=== Begin Enclosure ===

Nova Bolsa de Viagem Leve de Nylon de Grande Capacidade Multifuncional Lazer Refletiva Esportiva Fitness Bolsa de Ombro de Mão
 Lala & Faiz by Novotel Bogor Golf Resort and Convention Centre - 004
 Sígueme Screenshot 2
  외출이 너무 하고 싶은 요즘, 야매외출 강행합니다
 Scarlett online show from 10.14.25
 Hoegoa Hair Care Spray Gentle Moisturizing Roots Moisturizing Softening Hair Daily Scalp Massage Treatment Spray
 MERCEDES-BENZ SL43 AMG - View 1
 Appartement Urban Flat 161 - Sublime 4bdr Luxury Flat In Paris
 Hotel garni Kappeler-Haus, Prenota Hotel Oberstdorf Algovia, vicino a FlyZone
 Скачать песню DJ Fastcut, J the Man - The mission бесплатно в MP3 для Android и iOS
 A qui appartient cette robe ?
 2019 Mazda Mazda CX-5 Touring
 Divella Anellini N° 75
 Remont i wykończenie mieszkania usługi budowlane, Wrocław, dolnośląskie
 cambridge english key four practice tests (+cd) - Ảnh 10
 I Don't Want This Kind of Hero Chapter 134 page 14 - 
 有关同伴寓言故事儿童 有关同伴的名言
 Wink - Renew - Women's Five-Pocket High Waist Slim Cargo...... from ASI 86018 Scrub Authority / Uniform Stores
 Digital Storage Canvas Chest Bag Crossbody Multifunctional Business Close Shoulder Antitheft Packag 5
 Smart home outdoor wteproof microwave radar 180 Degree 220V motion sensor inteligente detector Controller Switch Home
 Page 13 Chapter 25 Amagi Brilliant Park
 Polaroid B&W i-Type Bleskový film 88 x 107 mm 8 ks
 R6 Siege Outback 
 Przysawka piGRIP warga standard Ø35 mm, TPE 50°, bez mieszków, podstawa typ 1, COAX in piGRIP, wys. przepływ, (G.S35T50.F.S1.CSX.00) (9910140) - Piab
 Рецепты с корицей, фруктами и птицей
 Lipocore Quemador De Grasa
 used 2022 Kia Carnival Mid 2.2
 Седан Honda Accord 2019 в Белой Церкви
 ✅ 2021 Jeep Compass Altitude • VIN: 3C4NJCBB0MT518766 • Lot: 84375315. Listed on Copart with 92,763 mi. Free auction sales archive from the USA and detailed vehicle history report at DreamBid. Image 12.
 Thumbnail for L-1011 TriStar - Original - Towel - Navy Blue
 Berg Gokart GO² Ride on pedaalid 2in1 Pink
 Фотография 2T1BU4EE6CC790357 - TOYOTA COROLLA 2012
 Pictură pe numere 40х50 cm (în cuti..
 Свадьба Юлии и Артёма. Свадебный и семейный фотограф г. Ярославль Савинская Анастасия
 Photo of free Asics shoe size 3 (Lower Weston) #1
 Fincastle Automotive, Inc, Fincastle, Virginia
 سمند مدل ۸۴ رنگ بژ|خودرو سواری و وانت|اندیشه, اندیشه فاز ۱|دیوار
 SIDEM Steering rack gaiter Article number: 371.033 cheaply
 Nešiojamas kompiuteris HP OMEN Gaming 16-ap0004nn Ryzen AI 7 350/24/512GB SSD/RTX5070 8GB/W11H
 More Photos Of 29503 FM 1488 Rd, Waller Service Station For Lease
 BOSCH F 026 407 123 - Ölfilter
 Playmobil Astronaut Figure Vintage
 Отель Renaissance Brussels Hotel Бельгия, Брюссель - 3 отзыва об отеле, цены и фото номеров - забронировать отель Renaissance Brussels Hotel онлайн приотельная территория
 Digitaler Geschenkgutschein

=== End Enclosure ===

_Task_
Scan the listing above for the line that has "used 2022 Kia Carnival Mid 2.2", then copy exactly from that line through the line that has "Свадьба Юлии и".

_Output for this task_
 used 2022 Kia Carnival Mid 2.2
 Седан Honda Accord 2019 в Белой Церкви
 ✅ 2021 Jeep Compass Altitude • VIN: 3C4NJCBB0MT518766 • Lot: 84375315. Listed on Copart with 92,763 mi. Free auction sales archive from the USA and detailed vehicle history report at DreamBid. Image 12.
 Thumbnail for L-1011 TriStar - Original - Towel - Navy Blue
 Berg Gokart GO² Ride on pedaalid 2in1 Pink
 Фотография 2T1BU4EE6CC790357 - TOYOTA COROLLA 2012
 Pictură pe numere 40х50 cm (în cuti..
 Свадьба Юлии и Артёма. Свадебный и семейный фотограф г. Ярославль Савинская Анастасия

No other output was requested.